- _THE TASK_: When you come to a picture, pass over it, and set down the entries below exactly.

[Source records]
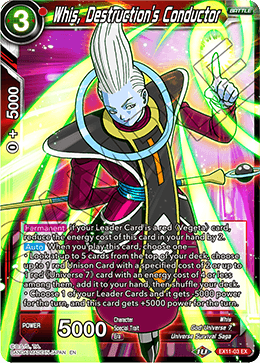 Whis, Destructions Conductor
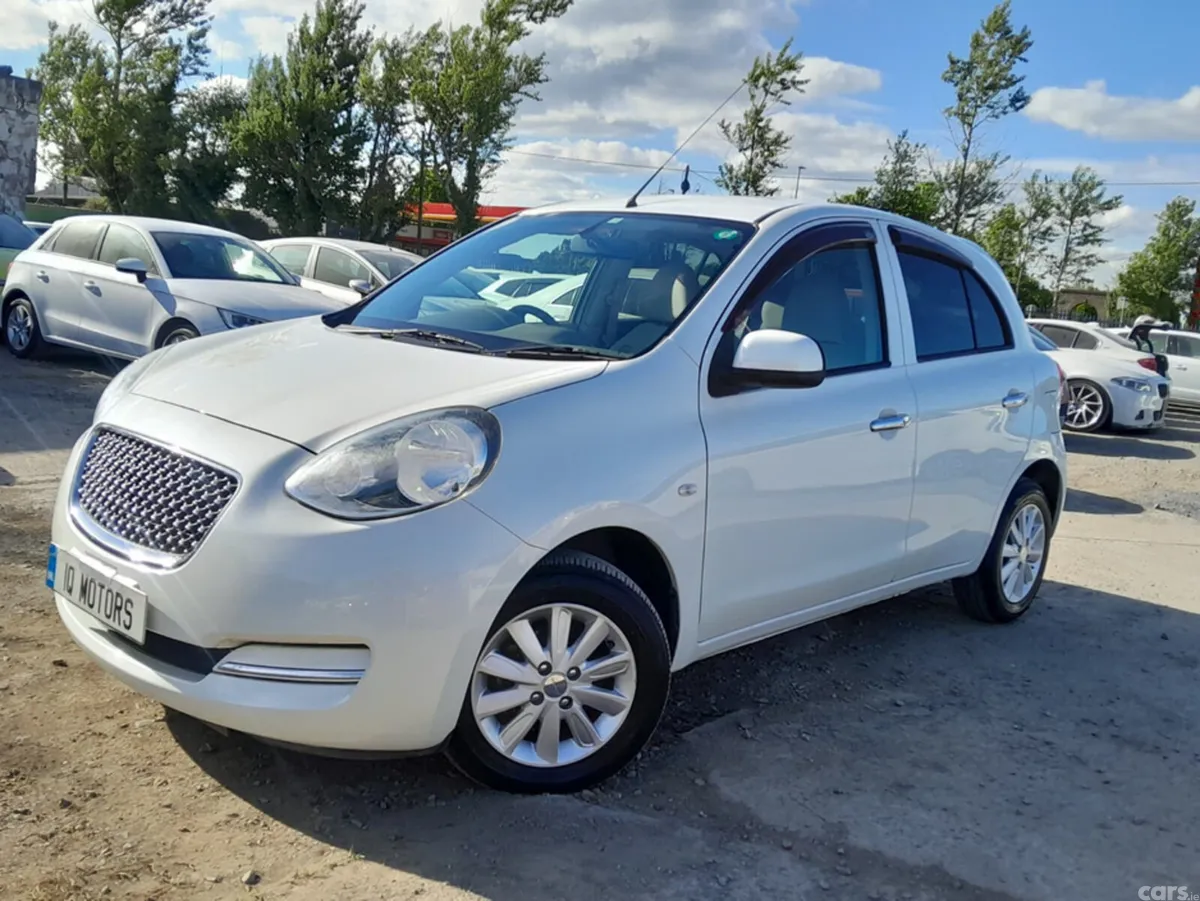 Nissan March Hatchback, Petrol, 2016, White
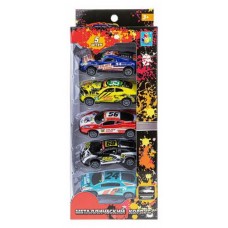 Набор машинок 1TOY Драйв, 5 шт (kastd) в магазинах Ашан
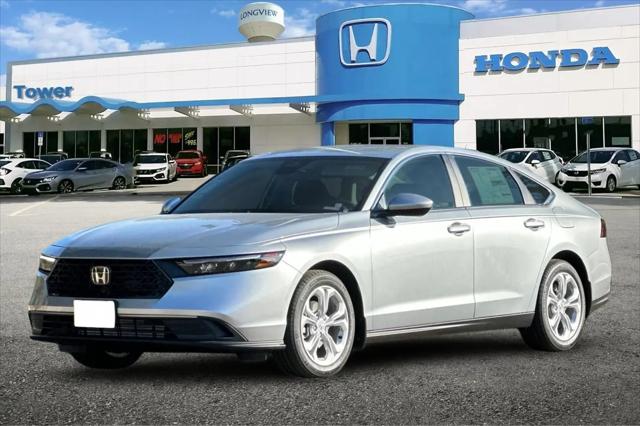 2025 Honda Accord Sedan LX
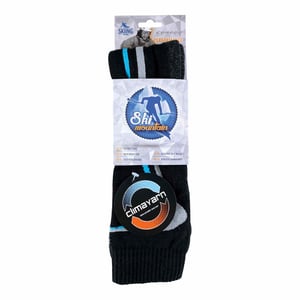 1 Pack Snösporter Climacontrol Merinoull Skidstrumpor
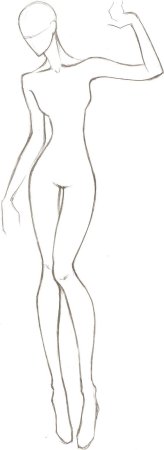 Контур для рисования на одежде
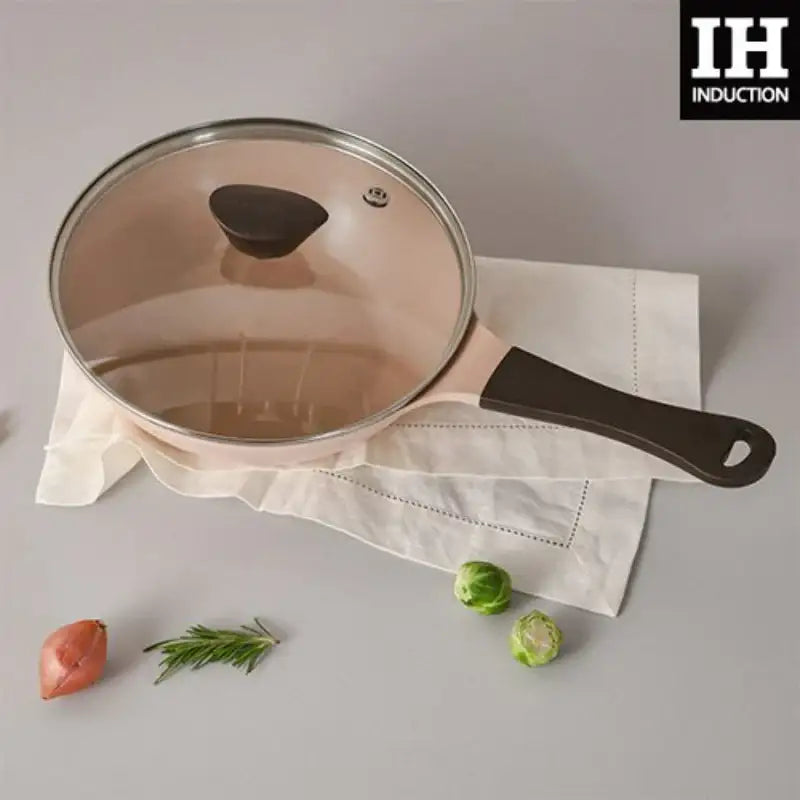 Neoflam - EELA Wok Mini Peach 24cm - Neoflam - Wok - Harumio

- _EXERCISE RESULT_:
 Whis, Destructions Conductor
 Nissan March Hatchback, Petrol, 2016, White
 Набор машинок 1TOY Драйв, 5 шт (kastd) в магазинах Ашан
 2025 Honda Accord Sedan LX
 1 Pack Snösporter Climacontrol Merinoull Skidstrumpor
 Контур для рисования на одежде
 Neoflam - EELA Wok Mini Peach 24cm - Neoflam - Wok - Harumio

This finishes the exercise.